I enter his room for what might be the last time and squeeze behind the drawn curtain—the one that made him feel claustrophobic.

His brown eyes greet me as I bend low and kiss his ashen cheek. He draws a shallow breath and barely whispers, “Hello.” I pull the purple chair close because I want to hear every.last.word.

He thanks me for coming and caring since he took ill. “You’ve been so good to me and Mum.”

“It’s how I honor you, Dad. It’s the least I can do.”

Before he speaks again, I ask, “What more can I do for you?”

“Just hold my hand,” he whispers.

“Okay, now rest. Mom’s on her way. I love you.”

“I love you, too.”

So, I take his hand—the one that used to hold mine—protect me, sat me on his lap while we watched the Wonderful World of Disney.

Our words are few because we've left nothing unsaid. We've asked forgiveness and forgiven; loved one another the best we knew how. God redeemed all our lost years and our brokenness so we could love one another well, even with all the sickness and physical demands over the past seven months.

Dad rests, but death hovers. I clasp his cool hands above the covers hoping my sweaty palms somehow spread warmth and comfort over him. Piano solos stream softly from my iPhone filling the silence between us as we wait. That’s when I notice the giraffe sitting on the window sill. This cute paper giraffe faces out—points away from death—toward the horizon.

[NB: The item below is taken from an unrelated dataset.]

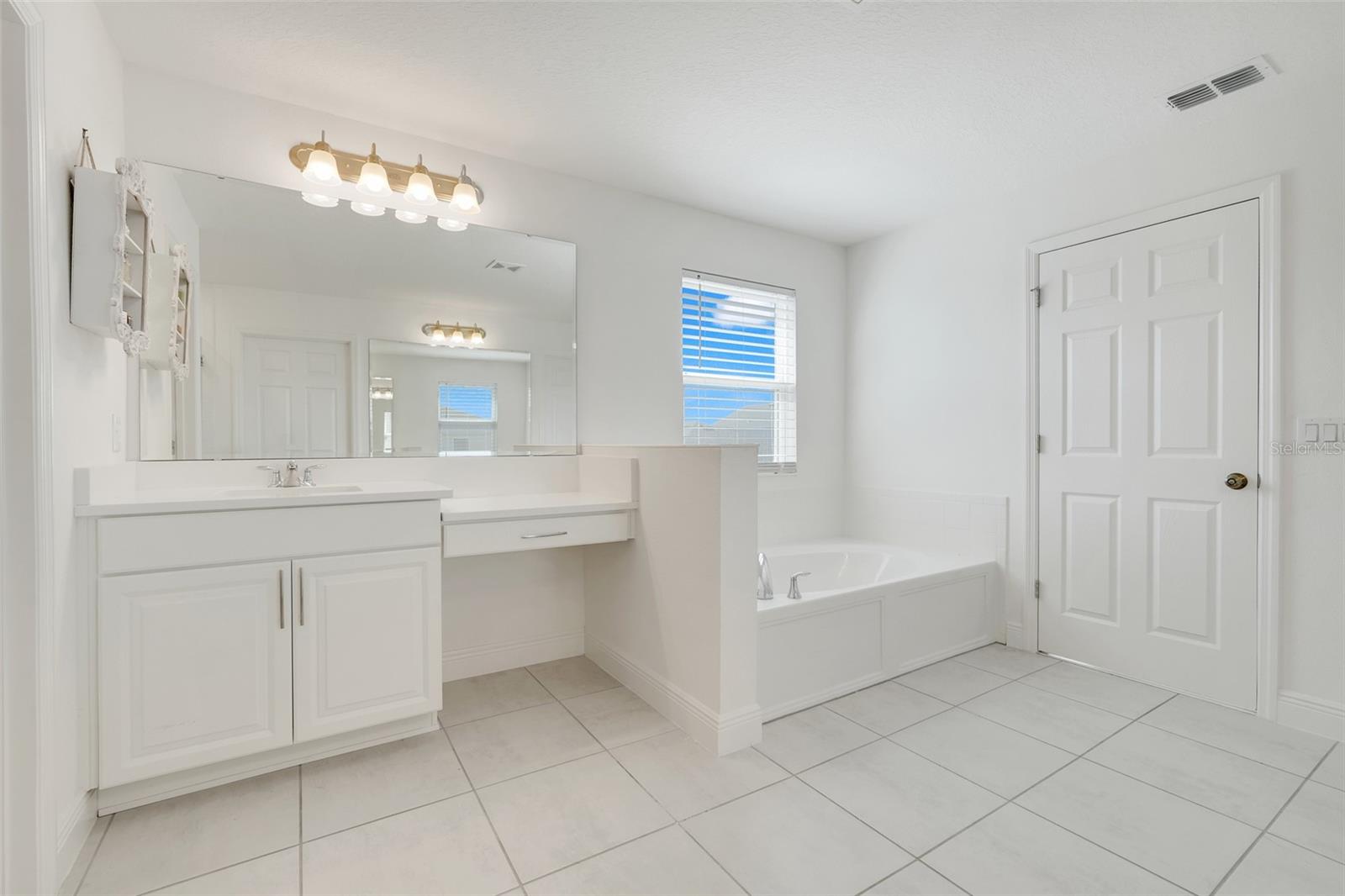 Image 32 of 62 For 7740 Marsala Street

Huh. How profound, I think, as this giraffe distracts me; carries my thoughts from death to life. I squeeze my dad's hand and he squeezes mine as if to say, “It’s okay. Let me move toward that new horizon. Let me leave this old world behind.”

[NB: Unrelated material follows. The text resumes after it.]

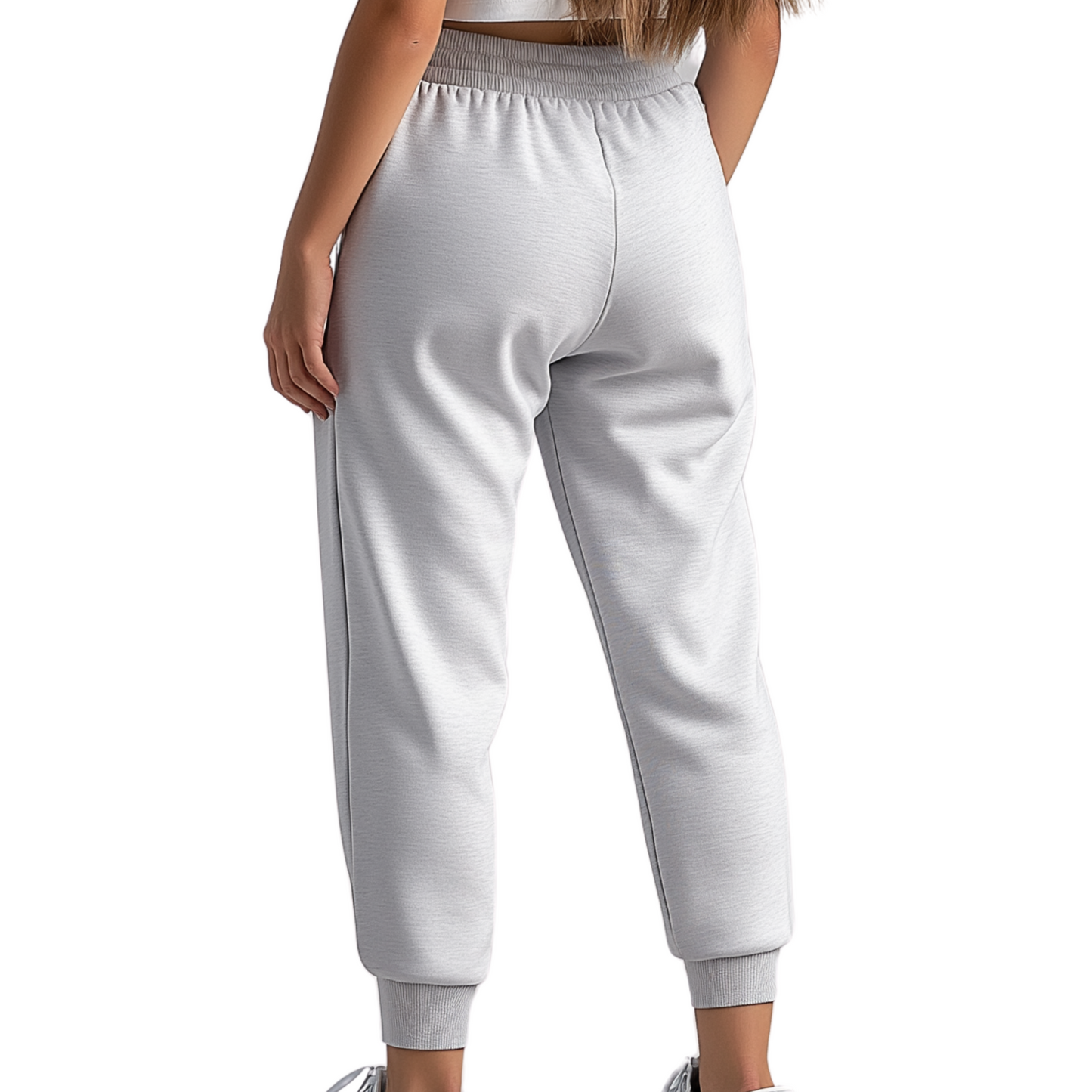 FRISK Jogging pants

“Bang, bang, bang,” the hammering interrupts. A new patient arrives and the orderly hangs photos on the wall; frozen images in time. That’s how it feels for these dying patients…like time just freezes...hangs on the wall. The clock hands move, but death comes slow for the long-suffering.

Mom arrives within the hour and I let go, join the giraffe and keep watch on the horizon while time hangs on the wall.

The next morning I awaken, surprised the phone call hadn't interrupted my sleep. Giggling grandchildren fill my morning while my son grabs time for his farewell. When the phone finally rings, the nurse says, “Now.”

My son retrieves his children and I run out the door. I enter Dad's room where death feels palpable. His vacant eyes fool us into thinking death's already arrived, but the nurse says he's still there and he can hear. So I speak deliberate, intentional words. “I love you, Dad. No words left unsaid.”

The clock hands finally move. Time runs away, but I notice that giraffe's still sitting on that window sill keeping watch on the horizon where hope for all things new finally comes into focus.

I’m grateful for those moments alone with Dad the previous day. Many fear death, but I found his death brought the rawest emotions of love and gratitude than any other time we’d ever shared. I am forever grateful to have comforted him and held his hand while he waited to say farewell to all the family. We were never alone again.